I was trying and failing in a number of things. I wanted to excel in athletics but had not yet figured out that that would never happen. I wasn’t academic enough to spell academic. (I’m a little surprised right now that I was able to spell that without the aid of my nifty little Microsoft Word spell checker). I was trying to gain a spot in the pecking order as a new kid in school. All the while, I remember suffering the rejection of most of my peer being cut from the basketball team, failing to play football that I so wanted to play. It was a time of questioning how girls saw me and wanting so much to be loved and accepted. To be loved and accepted seemed to me at the time something I could never, in all my life, achieve.
During that time I would go through the cafeteria line and eat alone, feeling unloved and unnoticed. As spring came, one day I was starting out the door and complaining that I had no one to eat with. Mom said to me, “If you want, you can come home for lunch.” That day, when lunch came, it was a beautiful spring day in the hills of central Ohio. The bell rang at noon and I bolted from the school and ran across the little village home to eat. I wondered if my mom would remember. When I got there, Mom was getting a little chicken pot pie out of the oven for me. It was a very humble lunch. It was just one of those four-for-a-dollar pot pies with little diced pieces of chicken, frozen peas and carrot in some chicken gravy.
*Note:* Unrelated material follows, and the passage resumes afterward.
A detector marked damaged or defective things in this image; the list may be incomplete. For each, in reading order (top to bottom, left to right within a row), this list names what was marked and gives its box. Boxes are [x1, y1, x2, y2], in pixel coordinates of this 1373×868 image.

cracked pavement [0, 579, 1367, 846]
Mom set a cloth napkin beside my plate at the end of the table just beneath the window. I sat at our humble kitchen table in our tiny, white rented home on Maple Street in Utica. Mom listened to me while I talked about whatever was on my mind. In about 15 minutes my time was up and I ran back to school.
That was in about 1972, thirty years ago. My mom at the time was in her early thirties. She seemed so old to me then and thirty-year-olds seem like children to me now. She sat across the table for about 15 minutes and looked at me and listened to me and three decades later I remember those times with fondness. She just paid attention to me. It’s a powerful thing to pay attention to people.
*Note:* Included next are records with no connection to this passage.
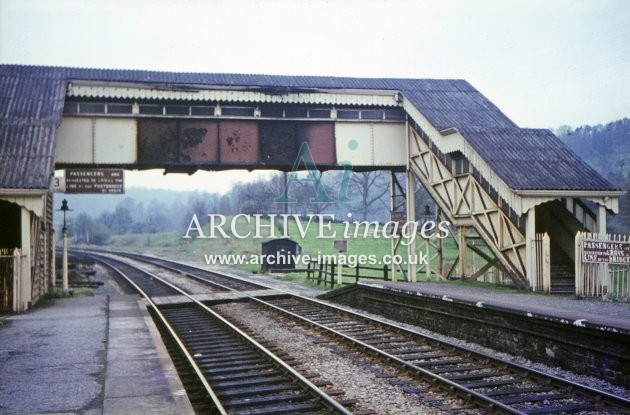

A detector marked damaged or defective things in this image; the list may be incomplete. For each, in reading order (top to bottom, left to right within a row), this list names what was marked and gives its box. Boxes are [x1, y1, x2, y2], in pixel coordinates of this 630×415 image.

rusty metal panel [55, 117, 94, 164]
rusty metal panel [94, 118, 137, 164]
rusty metal panel [138, 119, 178, 163]
rusty metal panel [180, 120, 220, 162]
rusty metal panel [220, 120, 260, 164]
rusty metal panel [262, 122, 302, 166]
rusty metal panel [304, 122, 336, 166]
rusty metal panel [336, 122, 376, 166]
rusty metal panel [372, 124, 408, 167]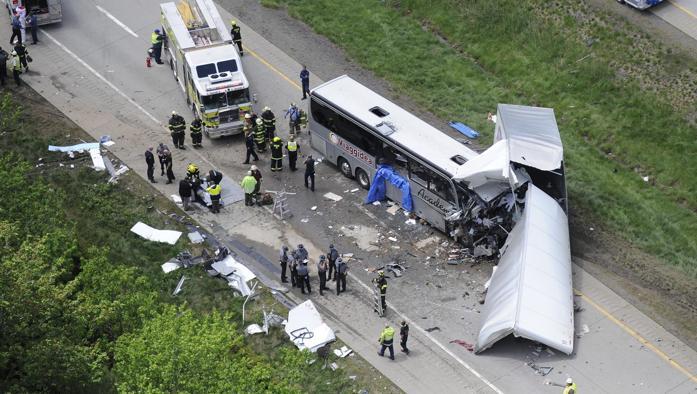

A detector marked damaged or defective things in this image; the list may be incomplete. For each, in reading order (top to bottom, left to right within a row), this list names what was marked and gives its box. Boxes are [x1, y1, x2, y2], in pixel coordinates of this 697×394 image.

destroyed bus [162, 0, 251, 138]
broken windshield [201, 93, 226, 110]
destroyed bus [308, 74, 564, 252]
Now you know a little more about how I see home. Home is a place where you don’t have to sit alone and eat. Home is a place where people don’t ignore you and avoid you.
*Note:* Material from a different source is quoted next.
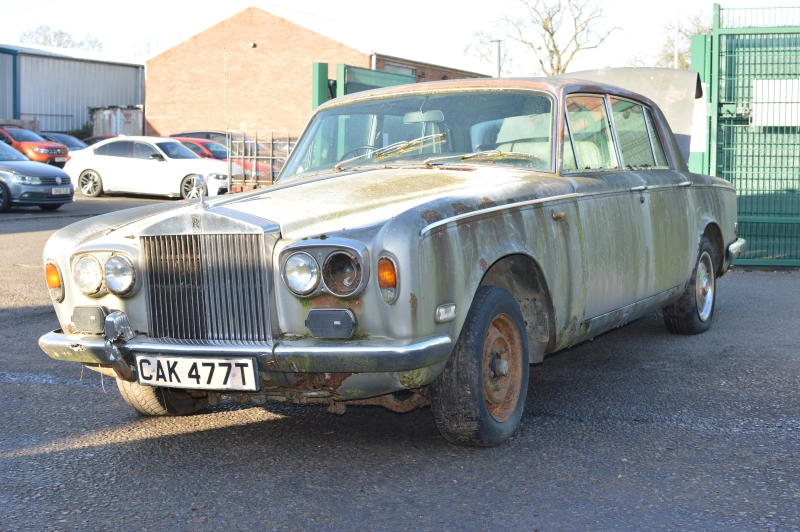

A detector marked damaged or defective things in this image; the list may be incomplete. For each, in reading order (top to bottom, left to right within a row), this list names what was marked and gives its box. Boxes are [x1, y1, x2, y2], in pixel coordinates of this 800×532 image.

Home is a place where it doesn’t really matter that much what’s on the menu, simple things are sweet to the taste in an atmosphere of love and security and acceptance. Moms are people who listen to you when no one else is interested. And moms don’t ever think the small mundane things you do don’t matter. Moms don’t laugh at your dreams. Good moms pay attention. Great moms fix you something warm to eat and pay attention.
I’m not sure what was happening at the time but I know those little chicken pot pies were not worthy of a sprint across town. With the clarity of vision that the years bring, I now know that I needed a friendly place of warm acceptance for a few minutes a day. I didn’t need my stomach filled as much as I needed my emotional fuel tank refilled. And refueling an emotional fuel tank is a good mother’s specialty.